The motivation of this project is to explore factors that contribute to on-time performance for domestic flights in the United States among 17 major airlines. The methodologies include using multiple statistics, visualization techniques, and further confirmed our findings by conducting a multinomial logistics model in R.

After investigation, we find that on-time performance varies among airlines and day of the week. We observe a significant periodical pattern of total flight and delayed flight for almost all airlines. By comparing, we notice that Southwest Airlines, Allegiant Air, JetBlue Airways have a delay rate over 30% in July 2022; and the predicted probability of those airlines are significantly higher than others, which has been examined by multinomial logistics regression. Also, by visualizing the model effectiveness, we find that except distance between original airport and destination airport, the day of the week, airlines chosen are key factors to cause flight delay with different levels of effectiveness within those factors; while for cancellation, three factors are all statistically significant. More surprisingly, we conclude that while there exists a strong association between total number of scheduled flight and delay rate, some air carriers at the same amount of flight actually out-perform than others.
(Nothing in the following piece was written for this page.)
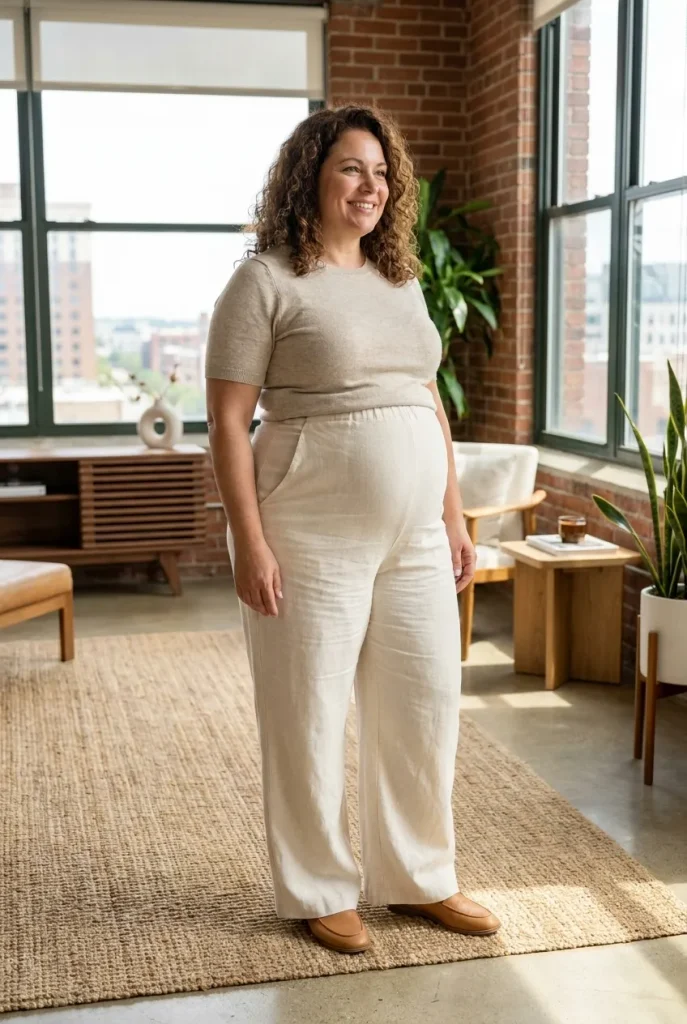 Wide-Leg Trousers — Soft Cream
6.2 Limitation and Next Step

One of the limitations is we only target the data in July 2022 due to computing capacity. The number of observations for each month exceeds five hundred thousand that we are not able to import and run for multiple months very efficiently. One possible next step will be sampling observations from each month in 2022 based on weights, and then we will be able to generalize our findings. Also, we could try alternative models further such as decision tree, Naive Bayes classifier on flight status instead of multinomial logistic model alone.

6.3 Lesson Learned

To improve efficiency as discussed above due to the large dataset, we subset a small dataset containing 8,000 observations from the entire dataset. We write demo R scripts and explore data first with significantly less running time. This practical framework could be applied in further projects to improve team collaboration.

We also discovered some non-obvious relationships between different datasets - for example, the high delay rate of Southwest Airlines and its high flight volume influence the delay rate of Maryland, where Southwest Airlines has its base airport BWI in Maryland. This interesting discovery reminds us that we should always keep open and curious in order to find the hidden patterns.